The lines below, from the one holding "2024 Tesla Model" through the one holding "Free Upside Down", are to be restated word for word, with all images left out.

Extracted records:
....................

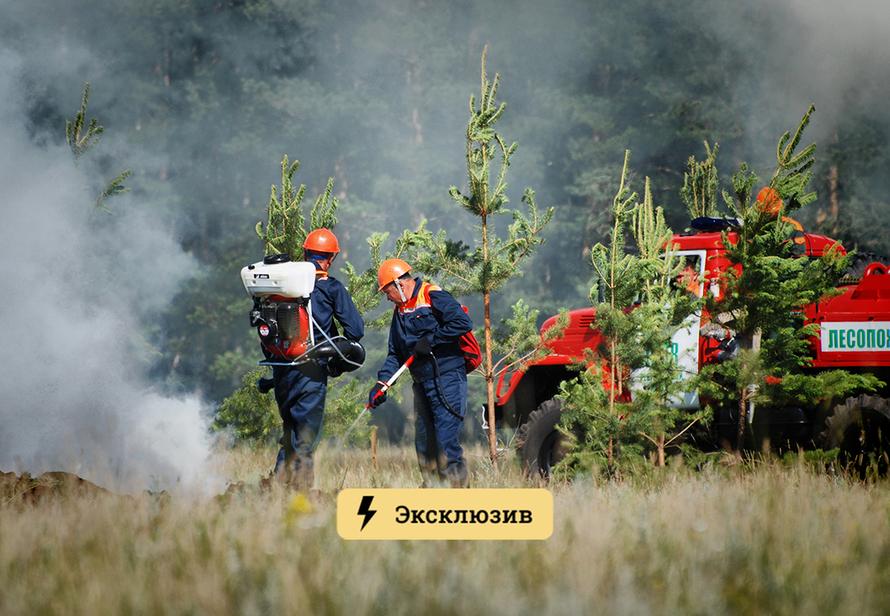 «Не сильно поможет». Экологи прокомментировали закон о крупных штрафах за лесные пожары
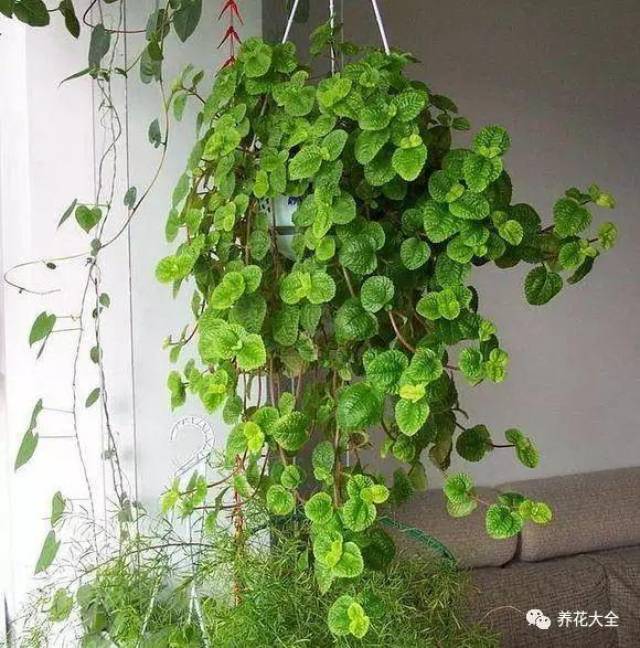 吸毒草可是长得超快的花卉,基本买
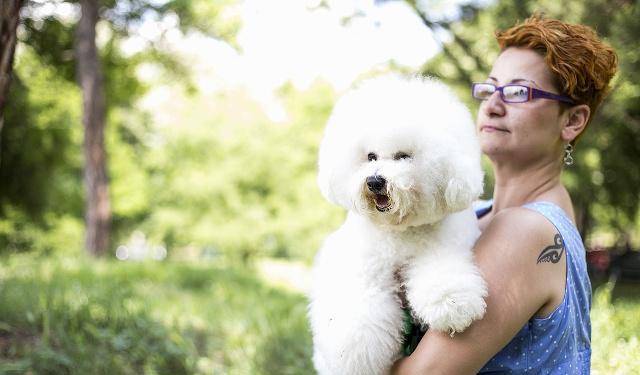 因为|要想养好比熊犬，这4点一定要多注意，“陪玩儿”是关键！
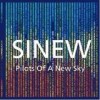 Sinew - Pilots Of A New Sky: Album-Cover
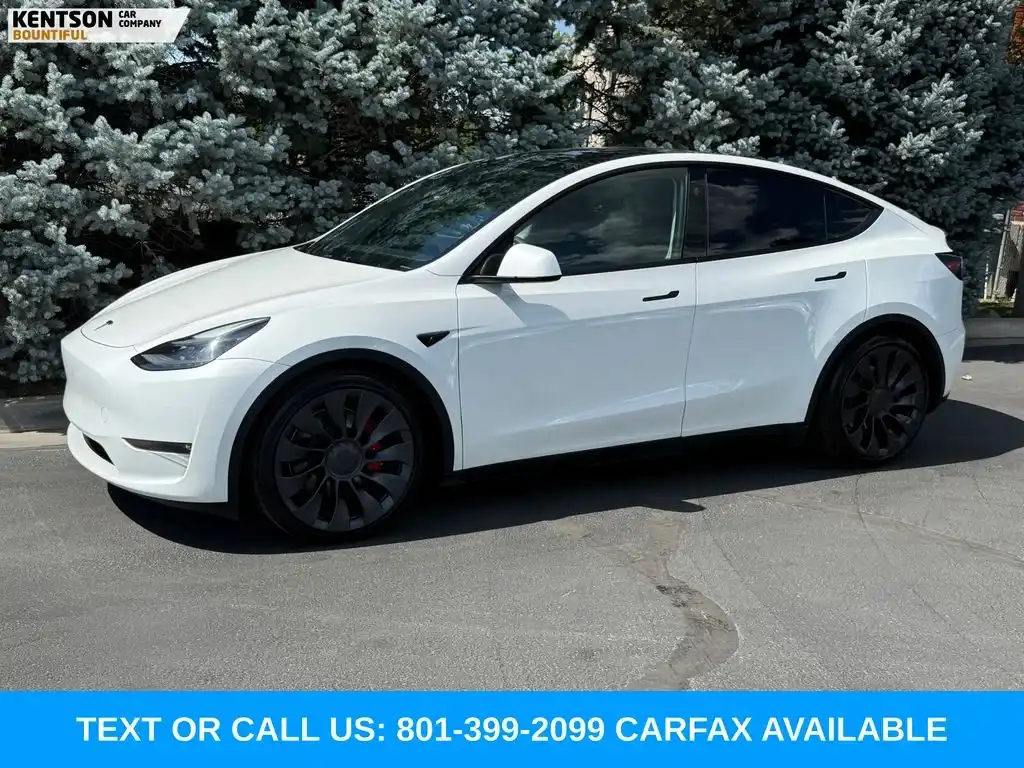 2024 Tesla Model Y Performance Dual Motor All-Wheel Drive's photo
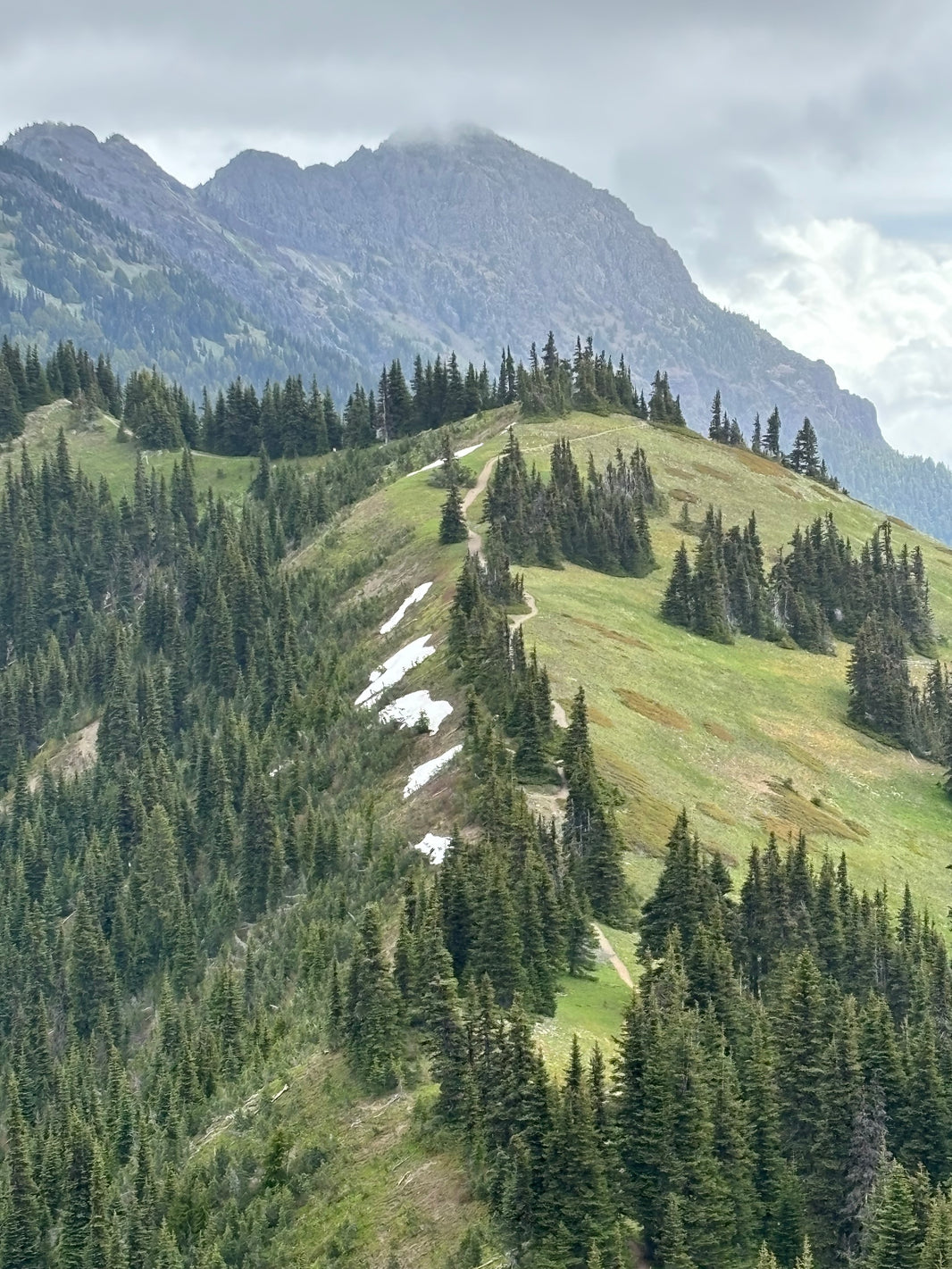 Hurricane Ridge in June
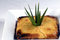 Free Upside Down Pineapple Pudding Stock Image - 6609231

....................

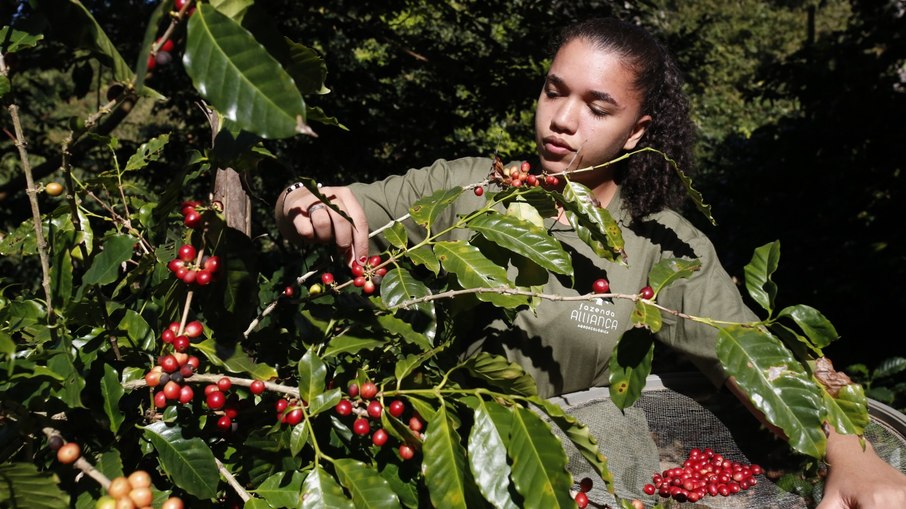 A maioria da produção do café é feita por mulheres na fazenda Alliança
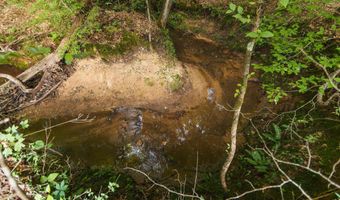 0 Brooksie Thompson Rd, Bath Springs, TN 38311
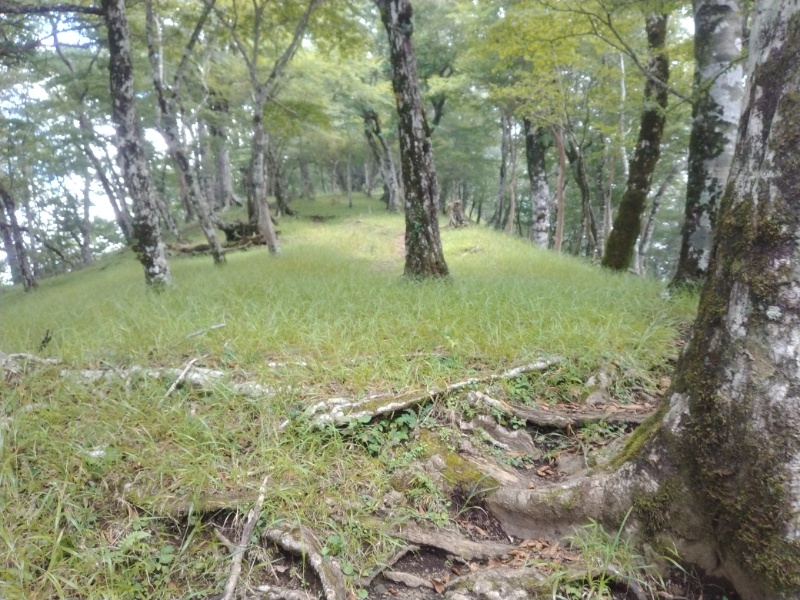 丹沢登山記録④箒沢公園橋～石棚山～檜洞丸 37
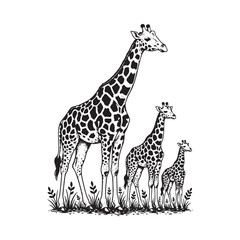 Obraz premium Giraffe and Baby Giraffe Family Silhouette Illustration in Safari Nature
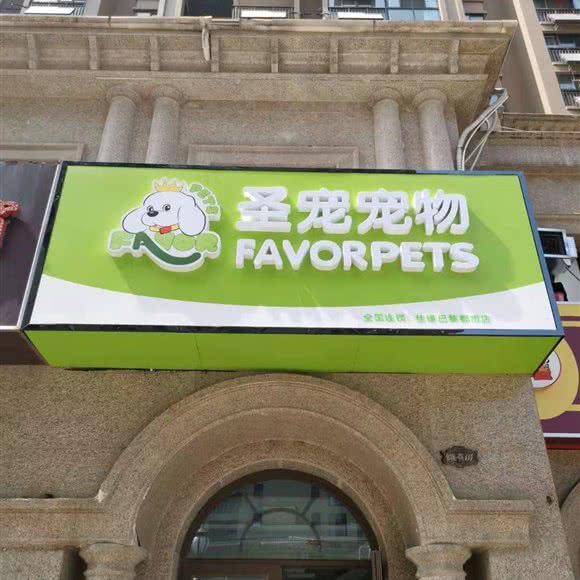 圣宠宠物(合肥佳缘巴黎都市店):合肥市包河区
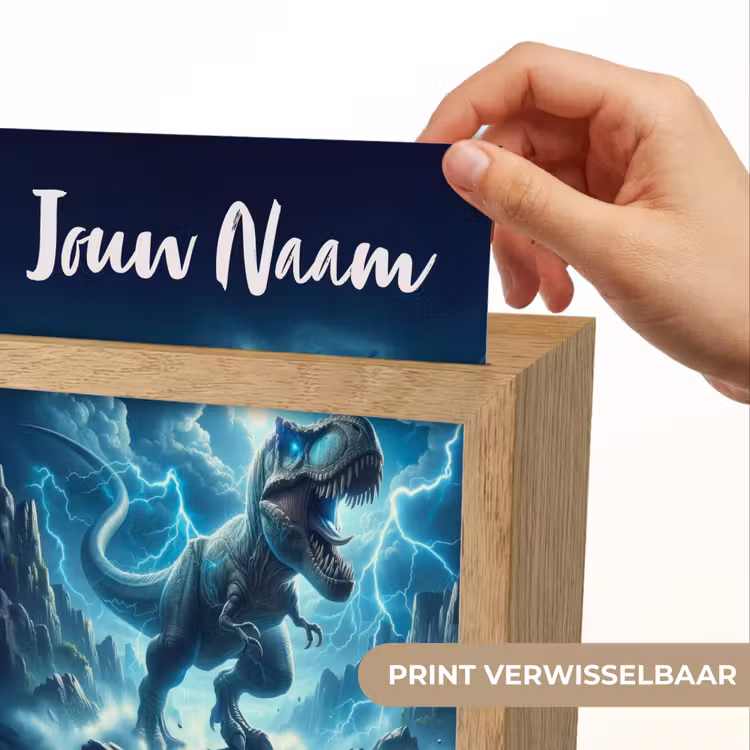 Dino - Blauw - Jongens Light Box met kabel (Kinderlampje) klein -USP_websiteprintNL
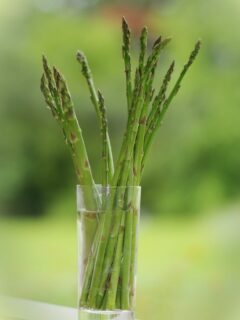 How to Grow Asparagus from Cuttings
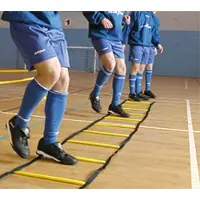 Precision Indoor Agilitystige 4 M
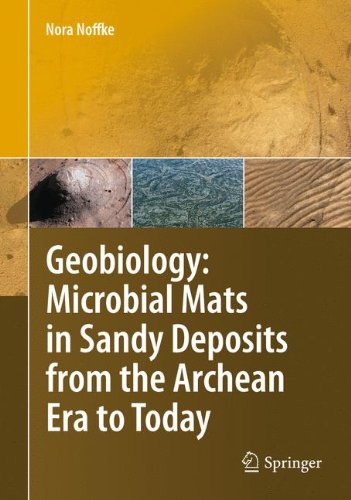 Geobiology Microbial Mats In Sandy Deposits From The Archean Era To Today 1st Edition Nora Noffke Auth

....................

## ANSWER BOX
 2024 Tesla Model Y Performance Dual Motor All-Wheel Drive's photo
 Hurricane Ridge in June
 Free Upside Down Pineapple Pudding Stock Image - 6609231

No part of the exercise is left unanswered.